J'ai accepté de les prendre en photo, car je suis plus gentil que j'en ai l'air. (De toute manière, j'étais trop soûl pour me lancer dans une explication qui n'aurait ressemblé qu'à une longue tirade d'aigri (alors que ce n'était pas du tout cela, attention) – ça ne s'est jamais vu dans l'histoire du monde, un type à qui vous demandez de vous prendre en photo avec votre femme et qui répond: «Non, je ne veux pas.») J'ai pris leur appareil en essayant de sourire pour leur faire plaisir, j'ai reculé de quelques pas (je tenais à peine debout) et j'ai immortalisé leur chance. Côte à côte, le bras du mari autour de la taille de la femme et le bras de la femme autour de la taille du mari, les têtes penchées l'une contre l'autre, ils rayonnaient. Un peu comme Pollux Lesiak et moi, si on se retrouvait. J'ai attendu un moment avant d'appuyer sur le bouton, pour les regarder encore. Plutôt moches si on les prenait séparément, mais touchants ensemble, Après tout, ils penseraient peut-être à moi en revoyant cette photo dans vingt ans. Il fallait que j'arrête de voir tout en noir. Allez, clic. J'ai tout de même pris soin de leur couper la tête, par principe.

Je leur ai rendu leur saleté d'appareil et suis resté seul face à l'église.
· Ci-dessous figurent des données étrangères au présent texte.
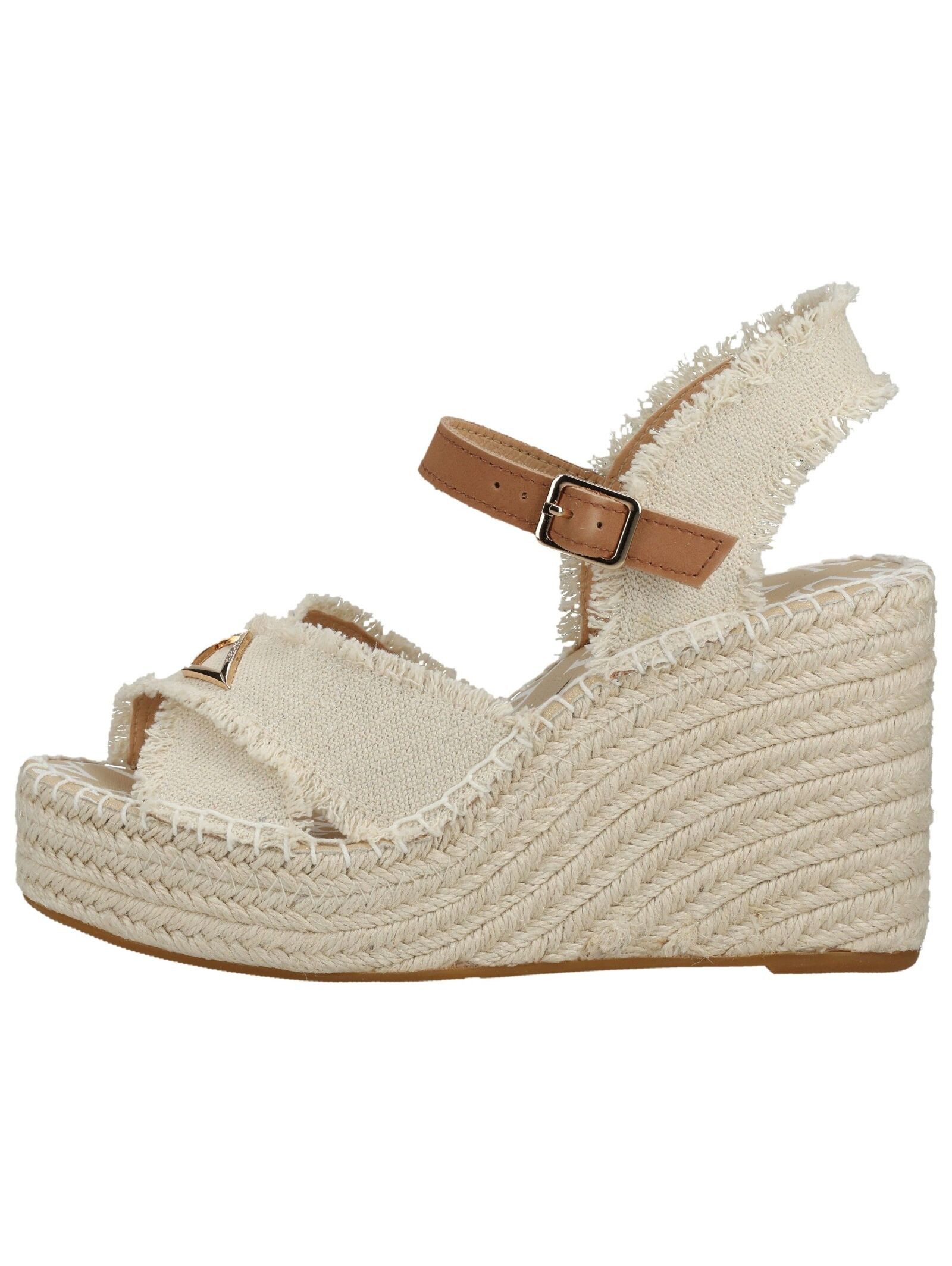 Replay Replay Sandalen Textil Keilsandalette günstig online kaufen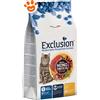 Exclusion Cat Mediterraneo Monoproteico Noble Grain Adult Manzo - Sacco Da 1,5 Kg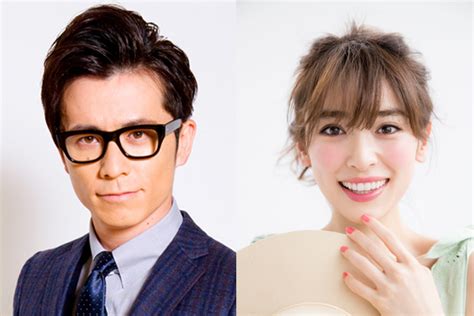 出会って1か月で結婚オリラジ藤森慎吾＆泉里香mc『マリキュラム』abematvで11・16スタート｜tvlife Web テレビが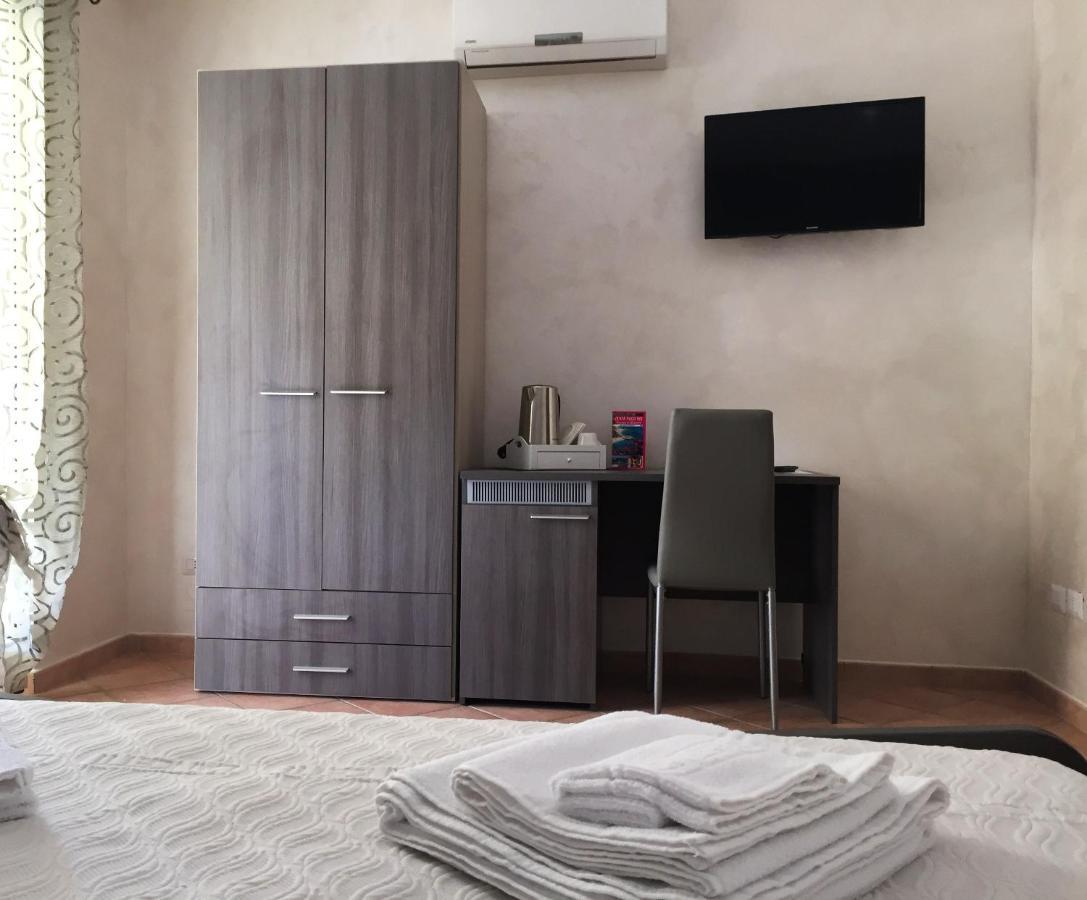 Residenza Dama Bed & Breakfast Ricadi Exterior foto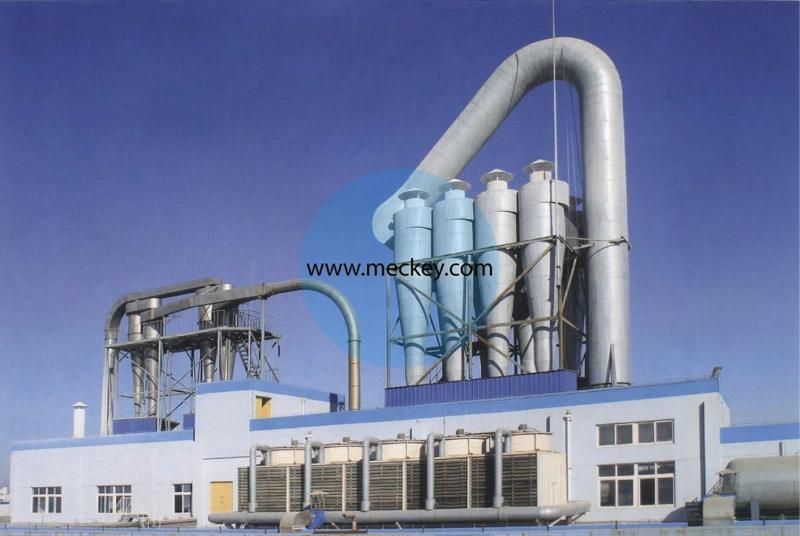 High Efficiency Cassava Starch Processing Equipment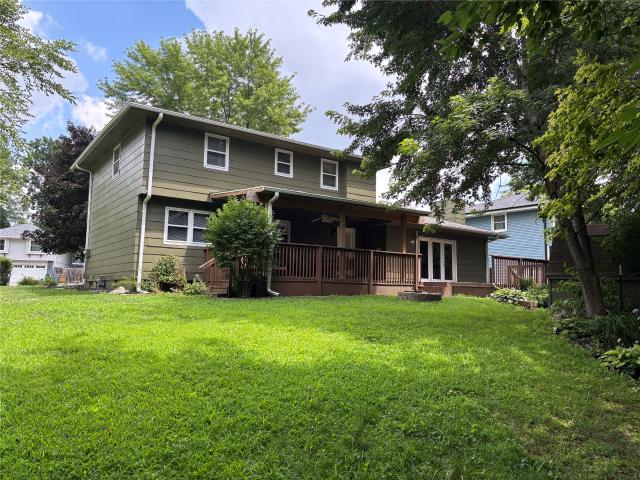 House for sale in Clive, Iowa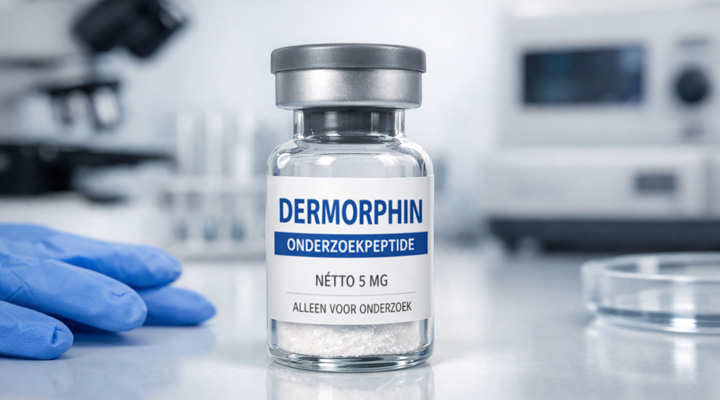 Voordelen en kenmerken van Dermorphin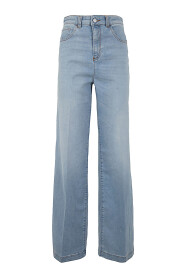 Wide Jeans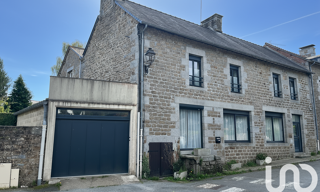 Maison 10 Pièces 294 m² à vendre à Les Portes du Coglais (35460)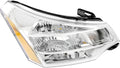 Headlight Assembly Passenger Side C936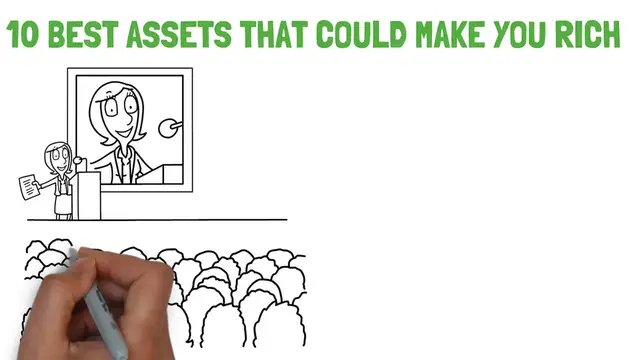 Video thumbnail for 10 Income Generating Assets To Get Rich And Quit Your Job (Escape The Rat Race)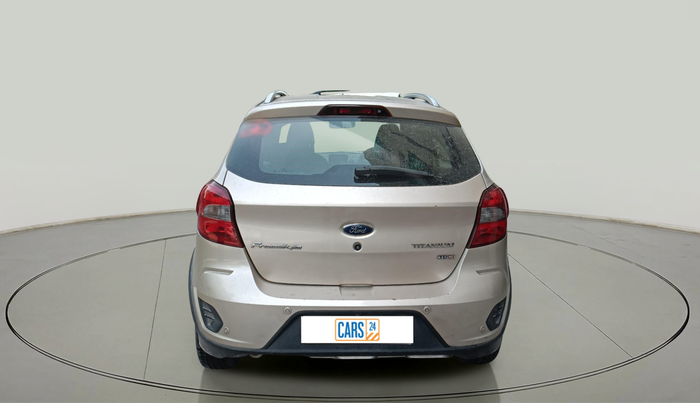 2019 Ford FREESTYLE TITANIUM PLUS 1.5 DIESEL, Diesel, Manual, 1,64,983 km, exterior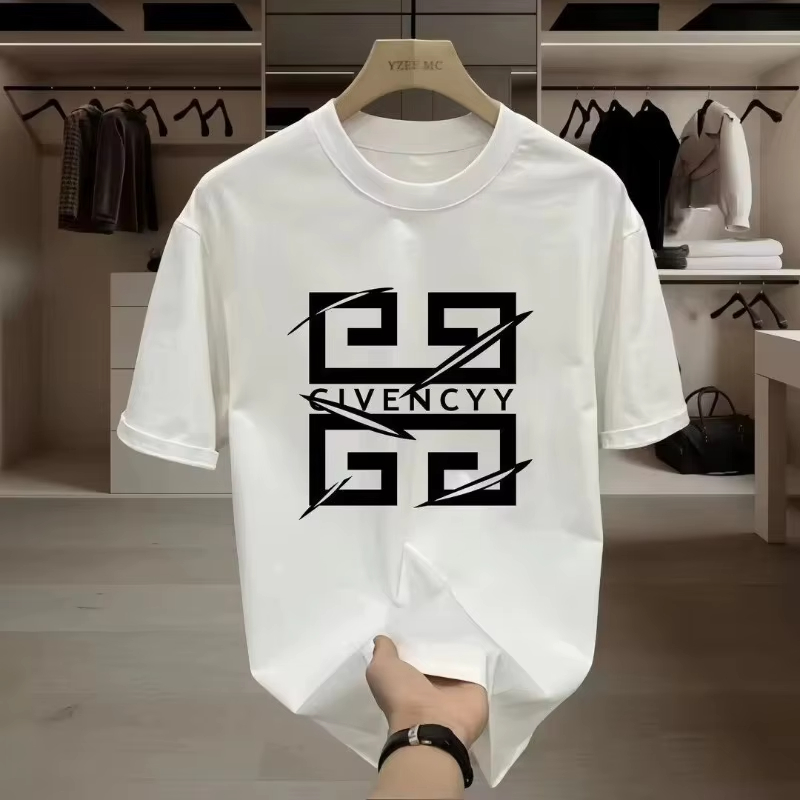 2026Men's GIVENCY Brand Logo P – Streetwear Brand Logo Design Bewertung und Preis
Ça n'allait pas très fort: la déconfiture et son sinistre cortège.

J'ai monté les marches de l'église et jeté un coup d'œil à l'intérieur. Sur les bancs, quelques vieux priaient. Mains jointes et tête baissée, entièrement livrés au ciel, offerts et pleins d'espoir. (J'ai eu cette vision lugubre: l'amoureux timide devant l'appartement de sa belle, qui sonne (il sait qu'elle est toujours là à cette heure) et se décide enfin à lui faire à travers la porte la fervente déclaration qu'il rumine depuis des mois. Il se lance dans la plus belle déclaration d'amour qu'homme ait jamais faite à femme, les mots viennent tout seuls, or et sucre à chaque syllabe, la passion du poète, dix minutes d'inspiration géniale comme il n'en connaîtra plus jamais dans sa vie. Il conclut sur quelque cerise lyrique et tend l'oreille: elle n'ose pas répondre. Et lui n'ose pas insister, réclamer une décision immédiate, trop heureux d'avoir enfin soulagé son cœur, il redescend l'escalier avec le sourire de celui qui vient enfin d'accepter son destin, tandis que sa promise tâte les camemberts à l'épicerie du coin.)

Ces braves vieux sur les bancs, avec leurs si belles prières à l'intérieur, me faisaient penser à cet amoureux derrière la porte de l'appartement vide. Entièrement offerts à rien.

J'avais absolument besoin d'un petit verre.